Is there a way to access the underlying container of STL container adaptors?

I mentioned it in a comment, but after some thinking, it seems to be an OK solution. queue/stack/priority_queue (that is, all of the adapter classes) all have a protected member c which is the underlying container (see ISO/IEC 14882:2003 section 23.2.2.4), so if you inherit from any of these, you can access it directly.

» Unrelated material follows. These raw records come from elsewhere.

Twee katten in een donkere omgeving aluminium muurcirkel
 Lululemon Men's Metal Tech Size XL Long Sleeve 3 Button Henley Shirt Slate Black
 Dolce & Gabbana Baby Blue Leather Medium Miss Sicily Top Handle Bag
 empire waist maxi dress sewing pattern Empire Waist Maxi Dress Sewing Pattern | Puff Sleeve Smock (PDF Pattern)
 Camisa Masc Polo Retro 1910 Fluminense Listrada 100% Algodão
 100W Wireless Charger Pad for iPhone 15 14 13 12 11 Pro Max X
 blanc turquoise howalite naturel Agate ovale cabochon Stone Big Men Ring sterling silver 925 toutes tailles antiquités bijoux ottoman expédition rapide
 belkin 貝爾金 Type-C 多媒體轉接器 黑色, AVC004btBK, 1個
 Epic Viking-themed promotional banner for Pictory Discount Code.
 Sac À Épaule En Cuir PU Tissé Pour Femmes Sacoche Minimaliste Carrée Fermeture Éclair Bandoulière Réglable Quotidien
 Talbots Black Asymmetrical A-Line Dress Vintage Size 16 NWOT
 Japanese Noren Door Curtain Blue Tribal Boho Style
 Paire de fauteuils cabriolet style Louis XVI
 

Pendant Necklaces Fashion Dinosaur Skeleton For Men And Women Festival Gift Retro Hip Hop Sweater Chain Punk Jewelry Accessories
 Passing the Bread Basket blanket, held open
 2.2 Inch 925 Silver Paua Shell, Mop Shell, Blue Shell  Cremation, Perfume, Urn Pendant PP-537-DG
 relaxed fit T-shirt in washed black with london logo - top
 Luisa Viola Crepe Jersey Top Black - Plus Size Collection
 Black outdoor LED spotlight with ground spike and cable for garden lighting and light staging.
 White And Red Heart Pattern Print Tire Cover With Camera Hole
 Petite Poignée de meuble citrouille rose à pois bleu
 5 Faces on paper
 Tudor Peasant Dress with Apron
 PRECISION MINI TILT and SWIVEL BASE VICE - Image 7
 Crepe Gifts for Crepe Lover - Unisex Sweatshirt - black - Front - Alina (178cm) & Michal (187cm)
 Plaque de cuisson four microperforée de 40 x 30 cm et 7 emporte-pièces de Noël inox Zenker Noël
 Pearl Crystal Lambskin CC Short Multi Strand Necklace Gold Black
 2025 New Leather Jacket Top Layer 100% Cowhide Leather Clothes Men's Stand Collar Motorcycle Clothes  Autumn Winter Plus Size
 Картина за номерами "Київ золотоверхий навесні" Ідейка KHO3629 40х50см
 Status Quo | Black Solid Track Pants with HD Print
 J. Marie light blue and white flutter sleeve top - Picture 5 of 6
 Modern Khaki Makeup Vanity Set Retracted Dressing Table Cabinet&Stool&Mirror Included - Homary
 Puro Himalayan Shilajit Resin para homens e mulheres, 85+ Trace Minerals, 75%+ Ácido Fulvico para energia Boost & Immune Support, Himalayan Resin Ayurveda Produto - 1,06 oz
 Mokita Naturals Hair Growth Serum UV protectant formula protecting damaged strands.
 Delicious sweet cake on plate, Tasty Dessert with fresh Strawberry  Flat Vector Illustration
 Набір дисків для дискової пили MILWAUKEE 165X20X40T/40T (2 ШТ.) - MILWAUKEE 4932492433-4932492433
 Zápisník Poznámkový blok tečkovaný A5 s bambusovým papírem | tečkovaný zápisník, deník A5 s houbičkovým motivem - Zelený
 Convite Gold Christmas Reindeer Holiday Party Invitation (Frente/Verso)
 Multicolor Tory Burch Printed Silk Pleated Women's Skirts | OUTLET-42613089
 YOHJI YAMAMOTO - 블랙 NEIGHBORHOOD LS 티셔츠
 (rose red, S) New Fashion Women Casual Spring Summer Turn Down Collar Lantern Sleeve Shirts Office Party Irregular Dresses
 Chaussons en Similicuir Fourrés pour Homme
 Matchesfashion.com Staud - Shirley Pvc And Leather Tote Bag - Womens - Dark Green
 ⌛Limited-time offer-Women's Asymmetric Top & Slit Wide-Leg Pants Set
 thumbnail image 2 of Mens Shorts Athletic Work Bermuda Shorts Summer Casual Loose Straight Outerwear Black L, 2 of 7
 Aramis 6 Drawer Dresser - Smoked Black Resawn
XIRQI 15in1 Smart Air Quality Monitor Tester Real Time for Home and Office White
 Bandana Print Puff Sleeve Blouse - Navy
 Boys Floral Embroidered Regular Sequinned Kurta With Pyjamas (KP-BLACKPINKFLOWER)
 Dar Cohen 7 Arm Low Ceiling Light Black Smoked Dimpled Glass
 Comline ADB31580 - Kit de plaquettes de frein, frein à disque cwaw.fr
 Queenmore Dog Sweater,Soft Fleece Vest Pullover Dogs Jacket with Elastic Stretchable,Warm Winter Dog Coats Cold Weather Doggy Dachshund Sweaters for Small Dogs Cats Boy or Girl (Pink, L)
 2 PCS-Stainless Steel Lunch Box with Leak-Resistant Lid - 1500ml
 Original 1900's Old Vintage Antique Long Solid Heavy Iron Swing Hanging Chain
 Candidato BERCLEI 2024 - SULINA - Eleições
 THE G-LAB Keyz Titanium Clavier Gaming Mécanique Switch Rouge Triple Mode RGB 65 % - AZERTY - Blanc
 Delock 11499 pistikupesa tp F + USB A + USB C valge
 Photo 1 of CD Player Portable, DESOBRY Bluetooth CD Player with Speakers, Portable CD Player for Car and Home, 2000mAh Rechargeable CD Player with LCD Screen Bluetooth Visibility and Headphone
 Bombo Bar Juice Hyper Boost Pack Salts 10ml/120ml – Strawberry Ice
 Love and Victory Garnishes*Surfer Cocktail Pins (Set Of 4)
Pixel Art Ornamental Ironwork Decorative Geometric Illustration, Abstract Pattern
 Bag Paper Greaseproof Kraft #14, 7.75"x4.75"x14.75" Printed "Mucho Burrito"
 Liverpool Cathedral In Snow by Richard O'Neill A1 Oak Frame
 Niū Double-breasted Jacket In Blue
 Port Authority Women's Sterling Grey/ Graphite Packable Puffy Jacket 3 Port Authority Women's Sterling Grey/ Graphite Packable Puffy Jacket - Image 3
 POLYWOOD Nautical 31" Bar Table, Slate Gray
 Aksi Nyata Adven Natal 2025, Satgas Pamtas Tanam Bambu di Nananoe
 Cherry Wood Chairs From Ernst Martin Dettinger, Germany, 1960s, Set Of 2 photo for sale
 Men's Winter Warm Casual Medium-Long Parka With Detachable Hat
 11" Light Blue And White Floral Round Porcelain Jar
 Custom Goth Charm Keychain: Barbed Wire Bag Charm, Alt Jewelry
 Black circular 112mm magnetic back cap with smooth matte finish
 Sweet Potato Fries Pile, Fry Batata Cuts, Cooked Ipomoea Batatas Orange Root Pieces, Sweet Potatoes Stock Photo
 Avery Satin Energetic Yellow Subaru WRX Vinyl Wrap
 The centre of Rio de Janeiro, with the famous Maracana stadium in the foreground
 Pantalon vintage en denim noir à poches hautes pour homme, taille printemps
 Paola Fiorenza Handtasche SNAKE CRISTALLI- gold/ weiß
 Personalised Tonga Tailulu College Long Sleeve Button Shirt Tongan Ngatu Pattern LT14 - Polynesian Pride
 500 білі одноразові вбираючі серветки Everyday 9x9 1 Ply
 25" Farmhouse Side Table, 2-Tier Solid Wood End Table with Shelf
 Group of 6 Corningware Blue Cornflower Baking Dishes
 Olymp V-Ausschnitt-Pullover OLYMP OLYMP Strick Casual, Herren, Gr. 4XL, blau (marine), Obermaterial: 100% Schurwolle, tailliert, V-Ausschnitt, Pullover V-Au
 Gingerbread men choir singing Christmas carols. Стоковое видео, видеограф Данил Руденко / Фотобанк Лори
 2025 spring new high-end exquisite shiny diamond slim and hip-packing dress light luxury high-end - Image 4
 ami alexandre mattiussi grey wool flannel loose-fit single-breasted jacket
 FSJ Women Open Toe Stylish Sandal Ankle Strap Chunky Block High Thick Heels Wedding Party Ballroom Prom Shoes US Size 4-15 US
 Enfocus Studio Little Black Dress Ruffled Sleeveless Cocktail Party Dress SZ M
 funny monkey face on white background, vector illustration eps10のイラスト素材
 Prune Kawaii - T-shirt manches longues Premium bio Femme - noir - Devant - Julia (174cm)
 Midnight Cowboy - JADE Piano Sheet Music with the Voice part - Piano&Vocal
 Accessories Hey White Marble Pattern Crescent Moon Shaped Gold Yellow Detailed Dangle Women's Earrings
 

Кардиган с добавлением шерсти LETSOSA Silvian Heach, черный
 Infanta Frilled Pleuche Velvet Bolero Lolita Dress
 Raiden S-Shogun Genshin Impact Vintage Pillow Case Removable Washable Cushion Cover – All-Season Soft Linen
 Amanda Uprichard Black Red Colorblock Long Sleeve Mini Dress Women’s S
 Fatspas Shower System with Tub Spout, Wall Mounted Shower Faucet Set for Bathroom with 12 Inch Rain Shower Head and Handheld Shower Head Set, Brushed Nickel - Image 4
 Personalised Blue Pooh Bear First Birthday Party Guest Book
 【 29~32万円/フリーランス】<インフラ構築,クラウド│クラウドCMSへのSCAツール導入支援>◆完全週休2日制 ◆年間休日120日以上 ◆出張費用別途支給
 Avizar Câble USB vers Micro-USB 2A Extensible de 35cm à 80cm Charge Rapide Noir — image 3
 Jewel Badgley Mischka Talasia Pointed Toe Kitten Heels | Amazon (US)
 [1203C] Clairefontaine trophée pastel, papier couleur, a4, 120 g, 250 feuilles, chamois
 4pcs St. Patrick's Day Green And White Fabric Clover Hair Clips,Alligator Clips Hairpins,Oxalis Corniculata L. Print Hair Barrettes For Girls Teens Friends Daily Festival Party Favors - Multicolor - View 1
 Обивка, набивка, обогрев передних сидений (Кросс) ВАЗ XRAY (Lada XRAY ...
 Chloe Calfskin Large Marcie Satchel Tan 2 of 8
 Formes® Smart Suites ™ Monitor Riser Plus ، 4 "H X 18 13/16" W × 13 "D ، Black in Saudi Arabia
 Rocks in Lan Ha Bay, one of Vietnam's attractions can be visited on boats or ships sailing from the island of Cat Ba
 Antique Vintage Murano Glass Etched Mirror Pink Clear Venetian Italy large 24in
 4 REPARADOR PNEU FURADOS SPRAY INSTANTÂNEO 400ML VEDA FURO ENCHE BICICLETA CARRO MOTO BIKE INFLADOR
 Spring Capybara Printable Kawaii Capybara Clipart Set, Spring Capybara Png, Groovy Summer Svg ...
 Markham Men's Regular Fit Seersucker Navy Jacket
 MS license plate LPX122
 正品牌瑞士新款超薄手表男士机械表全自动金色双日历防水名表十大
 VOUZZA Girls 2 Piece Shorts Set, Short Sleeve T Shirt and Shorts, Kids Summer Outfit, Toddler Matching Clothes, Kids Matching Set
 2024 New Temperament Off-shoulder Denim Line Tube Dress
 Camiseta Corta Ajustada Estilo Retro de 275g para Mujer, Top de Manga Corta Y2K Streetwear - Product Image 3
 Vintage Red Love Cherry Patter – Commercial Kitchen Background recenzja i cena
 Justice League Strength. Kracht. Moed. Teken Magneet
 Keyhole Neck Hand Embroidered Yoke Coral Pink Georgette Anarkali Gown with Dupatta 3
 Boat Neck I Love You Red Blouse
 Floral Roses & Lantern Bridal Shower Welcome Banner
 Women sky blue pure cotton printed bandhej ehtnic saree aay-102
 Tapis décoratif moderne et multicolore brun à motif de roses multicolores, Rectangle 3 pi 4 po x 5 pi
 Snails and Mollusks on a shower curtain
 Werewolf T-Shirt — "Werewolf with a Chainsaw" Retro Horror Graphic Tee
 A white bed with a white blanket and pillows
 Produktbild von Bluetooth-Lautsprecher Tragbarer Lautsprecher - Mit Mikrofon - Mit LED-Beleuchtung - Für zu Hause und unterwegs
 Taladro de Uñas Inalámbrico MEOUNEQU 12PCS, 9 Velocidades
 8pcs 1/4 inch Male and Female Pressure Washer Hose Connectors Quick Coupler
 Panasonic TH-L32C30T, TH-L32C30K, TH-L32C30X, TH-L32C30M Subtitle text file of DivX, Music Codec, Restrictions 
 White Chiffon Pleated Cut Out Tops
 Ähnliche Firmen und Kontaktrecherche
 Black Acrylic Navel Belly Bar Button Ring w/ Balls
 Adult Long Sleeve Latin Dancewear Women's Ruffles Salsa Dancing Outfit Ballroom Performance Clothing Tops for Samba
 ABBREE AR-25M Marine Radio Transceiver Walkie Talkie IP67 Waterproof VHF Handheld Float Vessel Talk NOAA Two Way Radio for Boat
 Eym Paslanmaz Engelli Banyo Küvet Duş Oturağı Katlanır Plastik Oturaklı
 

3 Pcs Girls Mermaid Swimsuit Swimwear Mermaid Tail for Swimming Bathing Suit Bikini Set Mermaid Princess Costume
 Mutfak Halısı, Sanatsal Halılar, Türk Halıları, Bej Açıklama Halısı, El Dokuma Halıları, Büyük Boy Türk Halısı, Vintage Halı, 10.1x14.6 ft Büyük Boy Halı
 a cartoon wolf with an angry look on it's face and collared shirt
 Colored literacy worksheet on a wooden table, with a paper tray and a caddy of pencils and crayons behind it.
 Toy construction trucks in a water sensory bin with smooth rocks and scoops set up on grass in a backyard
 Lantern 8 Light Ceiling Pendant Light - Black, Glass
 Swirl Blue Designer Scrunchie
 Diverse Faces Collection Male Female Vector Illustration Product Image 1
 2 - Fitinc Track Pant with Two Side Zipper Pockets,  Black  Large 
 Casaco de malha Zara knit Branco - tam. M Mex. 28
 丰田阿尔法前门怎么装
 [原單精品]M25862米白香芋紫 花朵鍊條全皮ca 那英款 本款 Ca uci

I know the typical wisdom is to not inherit from STL containers due to non-virtual dtors, but this case is an exception. The goal is not to overload functionality, but to make minor extensions to the interface of the adapter. Here is an example of adding the ability to access the underlying container.

#include <queue>
#include <iostream>

template <class Container>
class Adapter : public Container {
public:
    typedef typename Container::container_type container_type;
    container_type &get_container() { return this->c; }
};

int main() {
    typedef std::queue<int> C;
    typedef Adapter<C> Container;

    Container adapter;

    for(int i = 0; i < 10; ++i) {
        adapter.push(i);
    }

    Container::container_type &c = adapter.get_container();
    for(Container::container_type::iterator it = c.begin(); it != c.end(); ++it) {
        std::cout << *it << std::endl;
    }
}

Unfortunately, you'll have to resort to type-punning to "upgrade" an existing std::queue<int> * to a Adapter<std::queue<int> > *. Technically, this would likely work fine... but I recommend against it:

    typedef std::stack<int> C;
    typedef Adapter<C> Container;
    C stack;
    // put stuff in stack
    Container *adapter = reinterpret_cast<Container *>(&stack);
    Container::container_type &c = adapter->get_container();
    // from here, same as above        

So I would recommend using typedefs to make it easy to swap between the two. (Also notice in my example that you only need to change 1 line to change it from a queue to a stack because of the liberal use of typedefs).


Based on the accepted answer, a more general approach:

template <class ADAPTER>
typename ADAPTER::container_type & get_container (ADAPTER &a)
{
    struct hack : ADAPTER {
        static typename ADAPTER::container_type & get (ADAPTER &a) {
            return a.*&hack::c;
        }
    };
    return hack::get(a);
}

As I learned from this answer, .*& is actually two operators, where the pointer resulting from &hack::c (which has type ADAPTER::container_type ADAPTER::*) is the target or the .* operator to retrieve the underlying container itself. hack has access to the protected member, but after the pointer is obtained, protections are lost. So a.*(&hack::c) is allowed.


I spotted the following solution somewhere on the web and I'm using it in my projects:

template <class T, class S, class C>
    S& Container(priority_queue<T, S, C>& q) {
        struct HackedQueue : private priority_queue<T, S, C> {
            static S& Container(priority_queue<T, S, C>& q) {
                return q.*&HackedQueue::c;
            }
        };
    return HackedQueue::Container(q);
}

int main()
{
    priority_queue<SomeClass> pq;
    vector<SomeClass> &tasks = Container(pq);
    return 0;
}

Have fun :).